Muon was changed to use Polar Express, added Adafactor-style variance reduction, and cautious weight decay with schedule that ramps linearly to zero. All of these changes follow modded-nanogpt repo, but all of them were also validated piece by piece to yield improvements in nanochat with the exception of the Polar Express change which was in the noise. This is default on and configurable with --weight_decay, using simply 0.2 and ∝ 1/width² scaling. The kwarg --weight_decay is therefore changing as of this change. It used to configure AdamW via standard weight decay and now it becomes exclusively used in Muon (AdamW is hardcoded to 0.0), and it is scaled based on depth.

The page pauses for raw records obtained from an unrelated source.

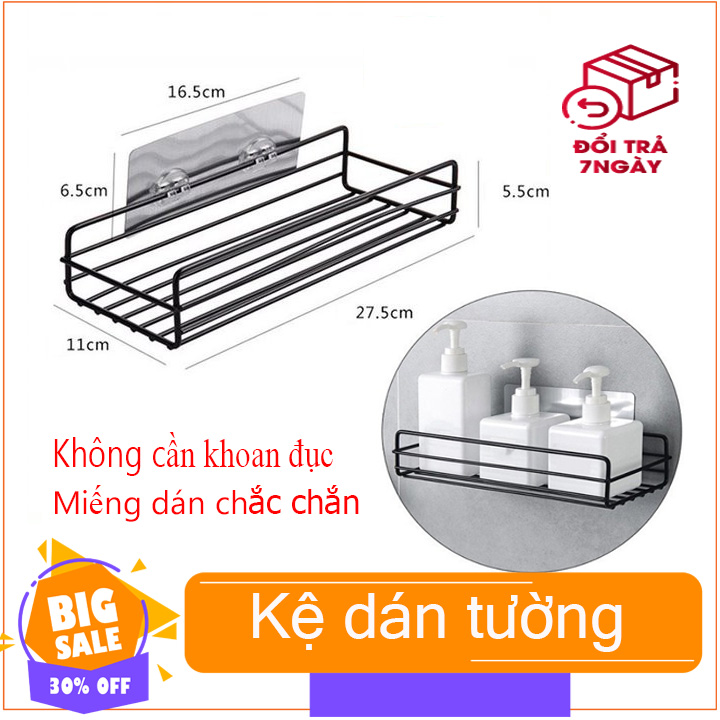 Kệ đề đồ nhà tắm, kệ góc nhà tắm, kệ góc đen nhà tắm 1 tầng, kệ góc nhà tắm, giá để đồ nhà tắm, giá treo nhà tắm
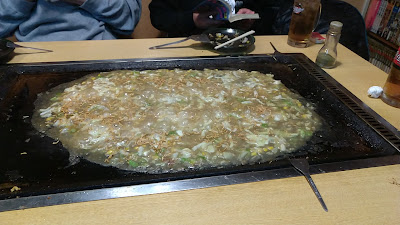 お好み焼き福ちゃん 사진 4
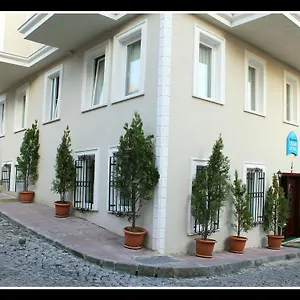 *** Hotel Sultanahmet Cesme Turquie
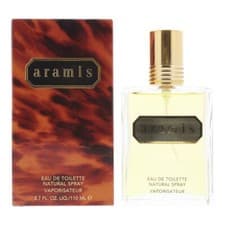 Image of Aramis Eau de Toilette 110ml Spray Men's - NEW. EDT - For Him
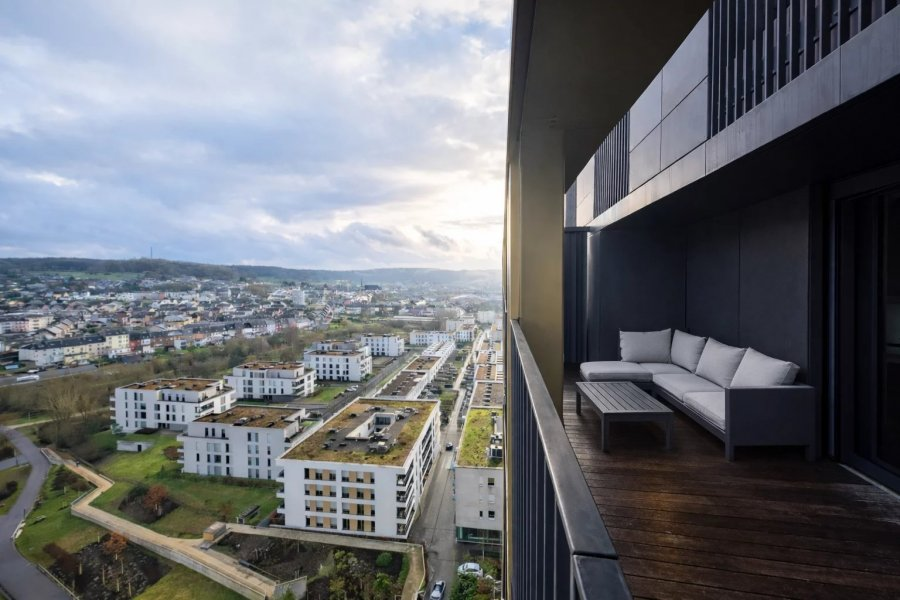 Квартира в Люксембурге, Люксембург, 125 м² - фото 4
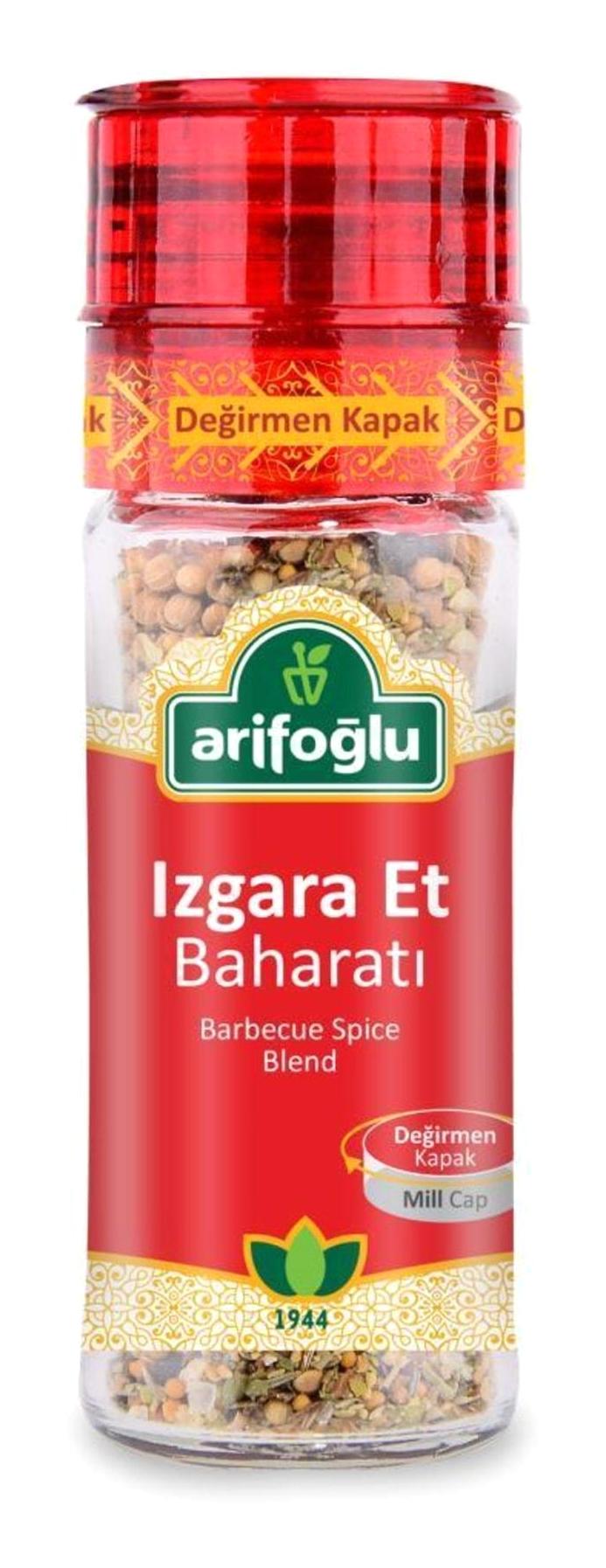 Arifoğlu Baharat Et Toz 45 gr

2026-01-08: exp_grad_clip - Gradient Clipping

Hypothesis: Gradient clipping may be unnecessary overhead. Tested L2 norm clipping at various thresholds (0.25, 0.5, 1.0, 2.0) and elementwise clipping.

Results:

  • No benefit at any scale tested (d12, d20)
  • All variants within noise (~0.9827 val_bpb)
  • Grad norm never exceeds 1.0 naturally, so clipping is always inactive
  • Clipping adds ~2% time overhead from the all-reduce

Bug Found: Original implementation clipped local gradients before sync. Since this codebase doesn't use DDP (gradient sync is in the optimizers), each rank was clipping based on its own local norm. Fixed on the branch with proper distributed all-reduce.

Observartion: modded-nanogpt does not appear to clip either right now.

Summary: Deleted all grad-clip code paths. The code naturally produces well-behaved gradients. This improves a bit of MFU because we don't have to calculate and sync grad norms.